Reviewed by Dennis Schwartz

Richard Thorpe’s (“The Utah Kid”) western adventure of passion and romance,Vengeance Valley, is set in the Rockies; it’s based on a story by Luke Short and is effectively written as a character study by Irving Ravetch. It’s Manhattan-born Burt Lancaster’s first western, and he proves he can ride tall in the saddle. The plot line was too obvious from the onset, therefore the film lacked the tension it needed to sustain interest. But what it lacks in rigor and action, it makes up for by its excellent craftsmanship and fine acting.

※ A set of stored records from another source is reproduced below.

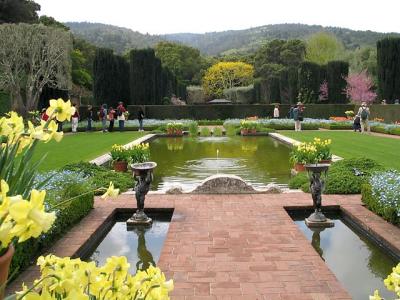 Filoli Garden View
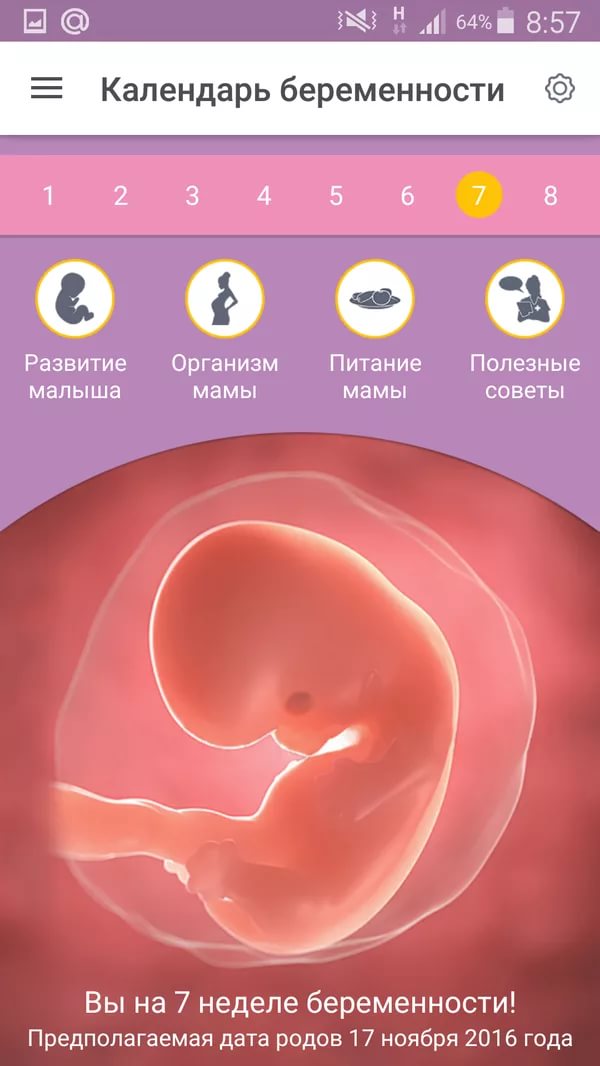Матка 6 7 недель. Календарь беременности. Беременность по неделям. Беременность 8-10 недель размер.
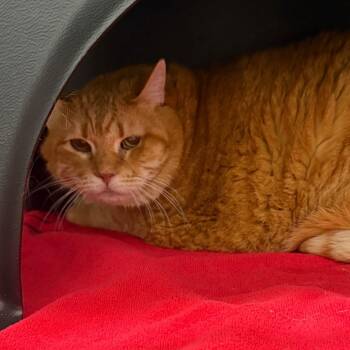 Domestic Short Hair Cats Available for Adoption in Morganton, North Carolina - Brandy | PetCurious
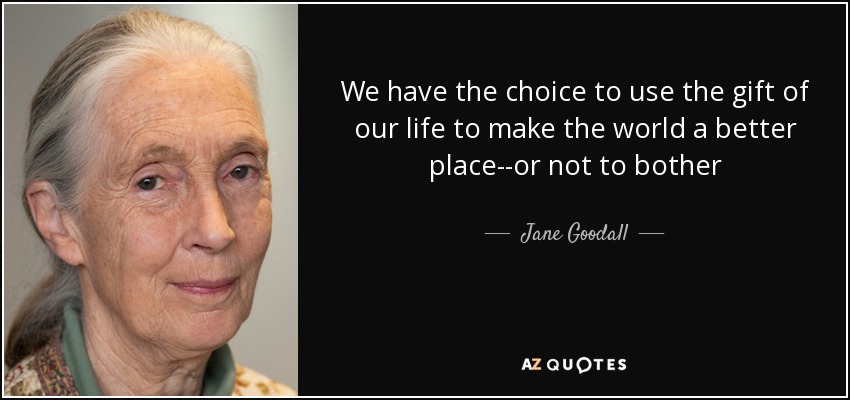 We have the choice to use the gift of our life to make the world a better place--or not to bother - Jane Goodall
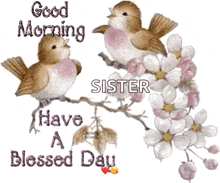 Birds Good Morning GIF - Birds Good Morning Have A Great Day GIFs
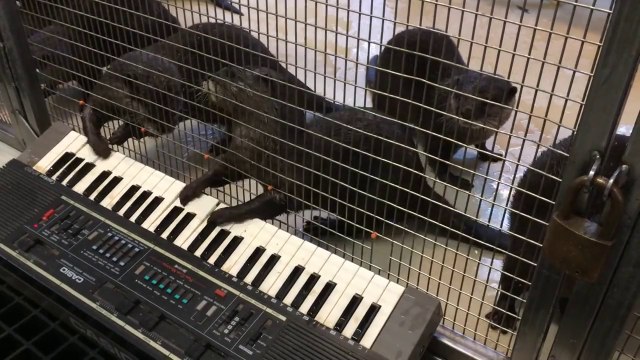 Des Otaries joue du piano! Trop mignon!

Owen Daybright (Burt Lancaster) is the rugged, good-hearted and hard-working cattle-ranch foreman for his kindly crippled adopted father Arch Strobie (Ray Collins). Owen has been looking out for his wayward foster-brother Lee (Robert Walker) ever since he was an orphan and adopted 15 years ago, covering up for all his misdeeds. The cowboys are returning from a long roundup, when they find out from the saloon keeper that the unmarried Lili Fasken (Sally Forrest) just gave birth. She refuses to name the child’s father, which causes the local doctor to refuse to treat her. But sweetie-pie Jen Strobie (Joanne Dru), the wife of Lee, helps in the delivery. Owen comes by to offer $500 and see how she’s doing. Lili’s brother Dick Fasken (Hugh O’Brian) assumes Owen’s the father and threatens to kill him. When he’s overmatched, he calls for his gunslinger older brother Hub (John Ireland) to come from out of town and get vengeance. The two jump Owen, but he licks Hub in a bruising fight. Lili calls the sheriff and the brothers are arrested for threatening to kill Owen. We soon learn that Lee is the father of the illegitimate child, and that Lili is ashamed to tell Jen and Owen wants to keep the news from Arch.

Lee secretly resents Owen and feels threatened by his presence, realizing he’s not the man that Owen is. Lee also becomes increasingly jealous that Jen loves Owen more than she does him. When the Fasken brothers get released from jail, Lee schemes with rustler rancher Herb Backett (Ted de Corsia) to get the one-track minded brothers to bushwhack Owen along the cattle drive. But that backfires when the other ranch-hands, led by Hewie (Carleton Carpenter), come to Owen’s aid. That leads Owen to go after Lee, deciding he won’t cover up for him anymore.